(Beginning of Data provided)
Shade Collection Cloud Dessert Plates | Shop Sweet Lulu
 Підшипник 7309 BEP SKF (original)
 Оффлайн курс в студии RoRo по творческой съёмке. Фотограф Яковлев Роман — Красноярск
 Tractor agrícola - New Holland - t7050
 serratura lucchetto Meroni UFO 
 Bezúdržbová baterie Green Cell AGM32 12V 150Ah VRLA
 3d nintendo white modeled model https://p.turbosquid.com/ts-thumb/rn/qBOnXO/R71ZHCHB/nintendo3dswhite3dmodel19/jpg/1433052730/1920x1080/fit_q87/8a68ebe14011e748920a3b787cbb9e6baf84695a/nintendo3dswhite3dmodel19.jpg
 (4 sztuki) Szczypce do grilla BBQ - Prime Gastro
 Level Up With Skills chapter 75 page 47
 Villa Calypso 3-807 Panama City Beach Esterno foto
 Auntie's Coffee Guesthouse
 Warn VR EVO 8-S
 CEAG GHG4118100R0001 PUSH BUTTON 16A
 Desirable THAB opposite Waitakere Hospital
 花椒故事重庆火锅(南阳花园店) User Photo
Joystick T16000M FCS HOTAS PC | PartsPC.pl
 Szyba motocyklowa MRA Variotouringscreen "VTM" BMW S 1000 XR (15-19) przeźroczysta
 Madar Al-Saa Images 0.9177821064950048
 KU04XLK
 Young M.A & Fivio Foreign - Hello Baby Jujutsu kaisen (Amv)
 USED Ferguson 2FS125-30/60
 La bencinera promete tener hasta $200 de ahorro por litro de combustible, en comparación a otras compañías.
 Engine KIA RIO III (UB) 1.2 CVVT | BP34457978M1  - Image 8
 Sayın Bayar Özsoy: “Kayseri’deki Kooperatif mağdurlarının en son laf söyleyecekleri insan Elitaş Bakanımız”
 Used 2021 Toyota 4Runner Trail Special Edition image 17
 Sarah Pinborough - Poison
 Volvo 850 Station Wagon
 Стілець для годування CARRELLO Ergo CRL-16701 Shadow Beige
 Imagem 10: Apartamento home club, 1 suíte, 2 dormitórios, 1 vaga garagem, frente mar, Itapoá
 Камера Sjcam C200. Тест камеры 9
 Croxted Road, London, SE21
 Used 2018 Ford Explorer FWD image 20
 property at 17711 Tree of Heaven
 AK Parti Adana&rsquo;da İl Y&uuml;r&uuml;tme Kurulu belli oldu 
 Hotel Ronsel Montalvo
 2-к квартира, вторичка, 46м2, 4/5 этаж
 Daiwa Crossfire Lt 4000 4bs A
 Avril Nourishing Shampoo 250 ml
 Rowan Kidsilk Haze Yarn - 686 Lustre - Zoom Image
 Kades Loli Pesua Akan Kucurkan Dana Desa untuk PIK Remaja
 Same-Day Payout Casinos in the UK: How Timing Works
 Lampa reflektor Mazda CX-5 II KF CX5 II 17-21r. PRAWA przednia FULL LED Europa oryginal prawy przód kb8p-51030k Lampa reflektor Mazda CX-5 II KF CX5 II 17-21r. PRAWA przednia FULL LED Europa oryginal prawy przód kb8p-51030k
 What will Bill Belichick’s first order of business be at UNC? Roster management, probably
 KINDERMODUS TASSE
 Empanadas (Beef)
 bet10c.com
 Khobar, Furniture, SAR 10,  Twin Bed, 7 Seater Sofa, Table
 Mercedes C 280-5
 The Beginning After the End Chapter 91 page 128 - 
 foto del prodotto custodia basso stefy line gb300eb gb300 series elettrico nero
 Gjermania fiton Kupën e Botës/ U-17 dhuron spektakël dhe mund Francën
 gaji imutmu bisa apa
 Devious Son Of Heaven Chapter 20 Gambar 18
(End of Data provided)
Please reproduce exactly the lines in the listing above from the one containing "USED Ferguson 2FS125-30/60" through the one containing "Used 2021 Toyota", both included, and nothing more.

## [Task response]
 USED Ferguson 2FS125-30/60
 La bencinera promete tener hasta $200 de ahorro por litro de combustible, en comparación a otras compañías.
 Engine KIA RIO III (UB) 1.2 CVVT | BP34457978M1  - Image 8
 Sayın Bayar Özsoy: “Kayseri’deki Kooperatif mağdurlarının en son laf söyleyecekleri insan Elitaş Bakanımız”
 Used 2021 Toyota 4Runner Trail Special Edition image 17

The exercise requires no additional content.